Pet parents may often feel that they spend a fair amount of time asking their pets, “What do you have in your mouth now?!” While most of the time it is not something dangerous, unfortunately there are numerous toxins and poisons in and around most homes that pets can get into. March 17-23, 2019 has been proclaimed as National Poison Prevention Week which aims to spread awareness of harmful contaminants that can affect both humans and their four-legged family members. Following are some suggestions for poison-proofing your home. 

Begin by checking any plants or cut flowers in the home or garden. Many plants, including lilies, azaleas, daffodils, lily of the valley and others are toxic. Depending on the plant, just one or two nibbles can be fatal! Home fragrances, such as liquid potpourri, can burn your pet’s skin and be toxic if your pet decides to give it a taste. Spray aerosols or any heavily fragranced products should not be sprayed around birds, as they are especially sensitive to airborne chemicals. Ashtrays, cigarettes, nicotine chewing gum or patches should be kept out of reach--even one cigarette butt contains enough nicotine to poison a pet. Batteries should also be kept out of reach of pet’s paws, as they can cause chemical burns. 

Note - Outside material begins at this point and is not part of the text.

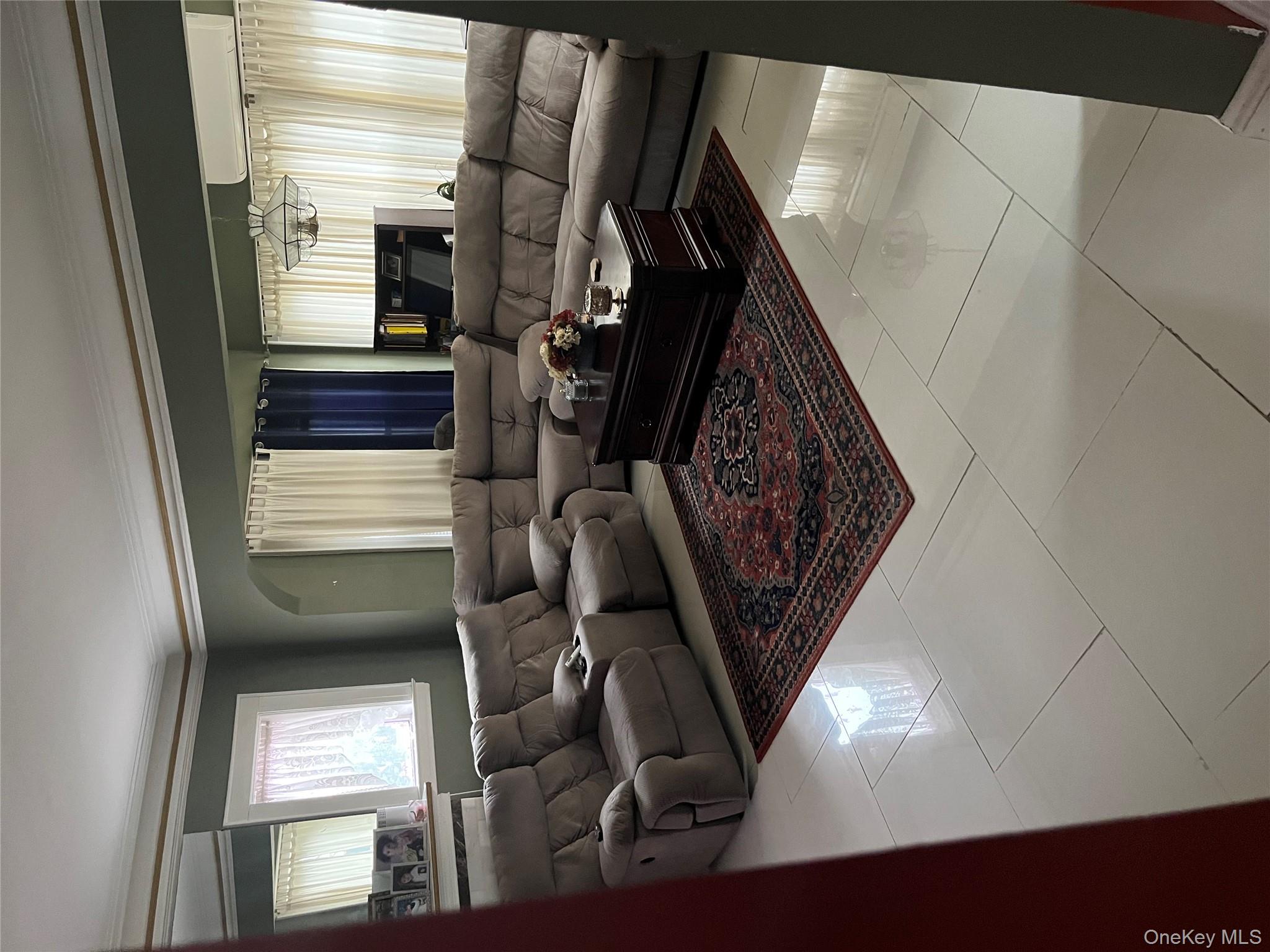 #4 photo, 548 Albemarle Road, Cedarhurst , NY 11516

The kitchen can pose many dangers to pets. Human foods that are toxic to pets include raisins, grapes, macadamia nuts, onions, garlic, unbaked yeast bread dough, fatty foods, salty foods, and chocolate. Other toxic kitchen hazards are caffeine, alcohol, table salt and xylitol. Garbage cans should have a tight top lid so that curious pets do not go digging through the garbage, which can contain any of the above toxins, coffee grounds, moldy foods, bones, or many other hazards.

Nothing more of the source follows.